=== Section Start ===

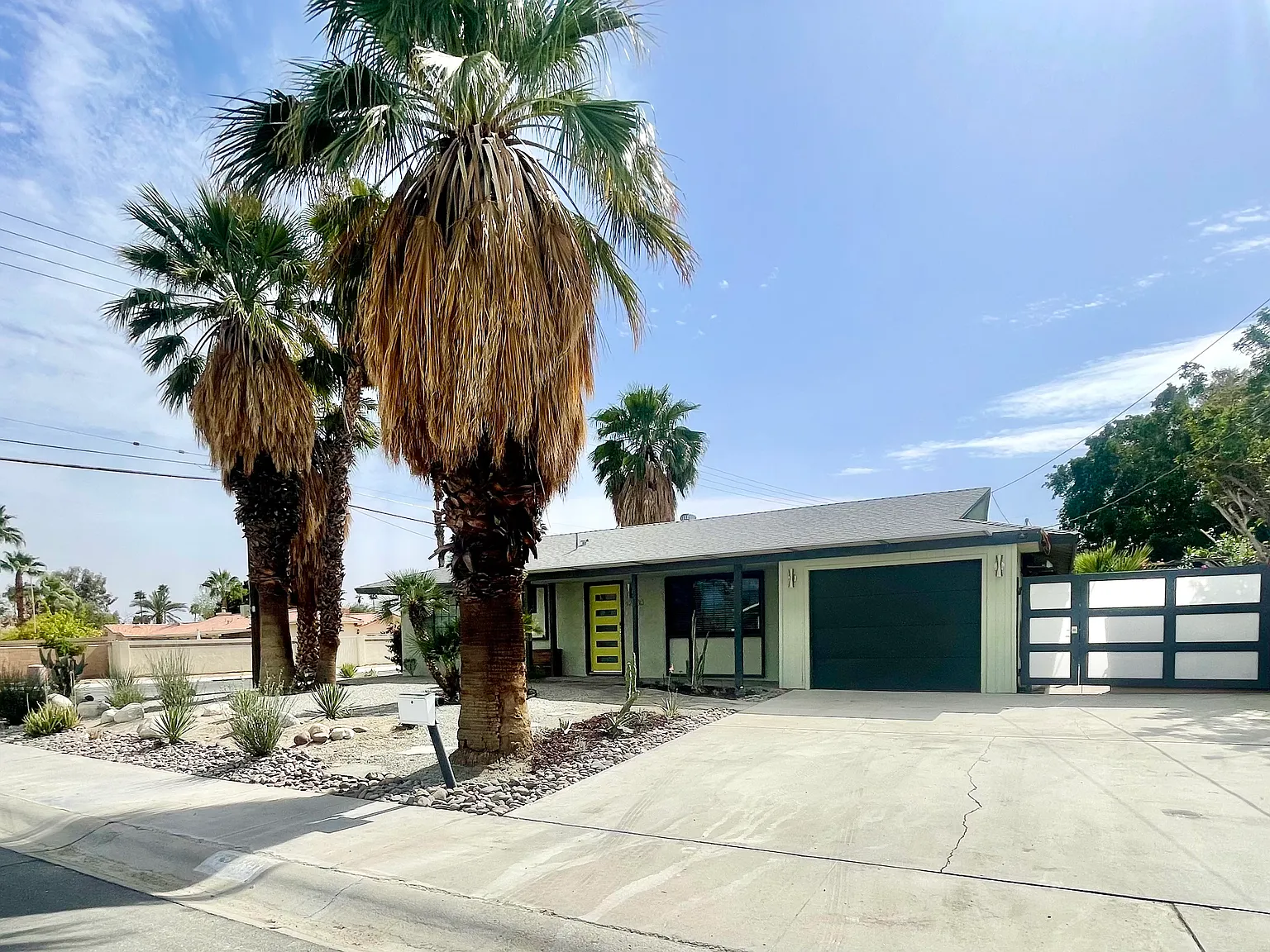 42900 Texas Ave — Photo 3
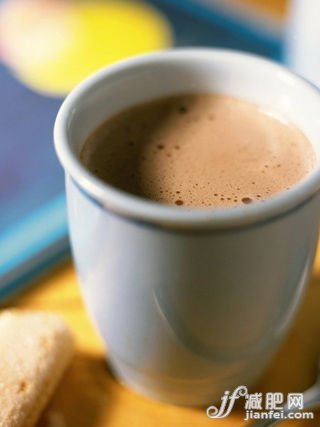 避免過度或不按規(guī)定時間服用麻黃屬植物和咖啡因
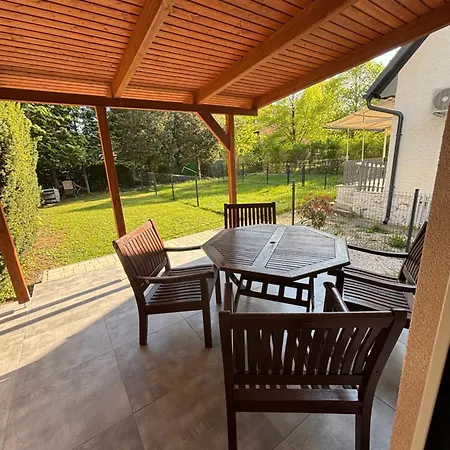 Janbar Ferienhaus Bük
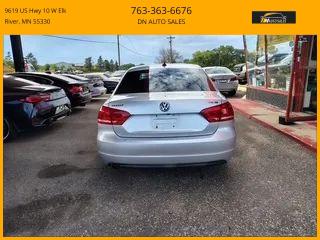 2015 Volkswagen Passat 1.8T SE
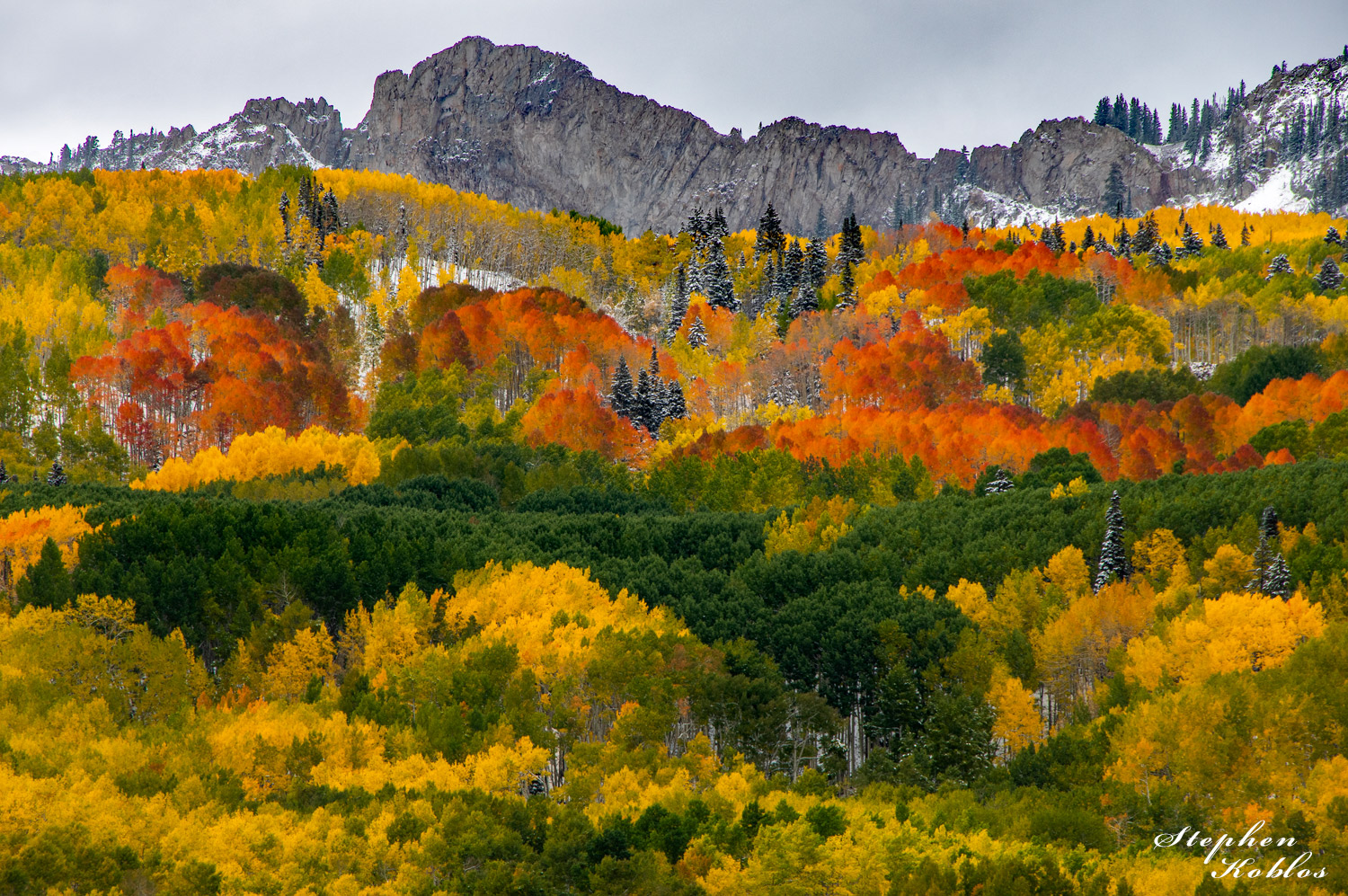 This scene shows the different colors aspens can take on.   Limited Edition of 250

=== Section End ===

§ The task
Leave out the pictures, and write out exactly the lines from the line containing "避免過度或不按規(guī)定時間服用麻黃屬植物和咖啡因" through the end of the records above.

§ Result of this exercise
 避免過度或不按規(guī)定時間服用麻黃屬植物和咖啡因
 Janbar Ferienhaus Bük
 2015 Volkswagen Passat 1.8T SE
 This scene shows the different colors aspens can take on.   Limited Edition of 250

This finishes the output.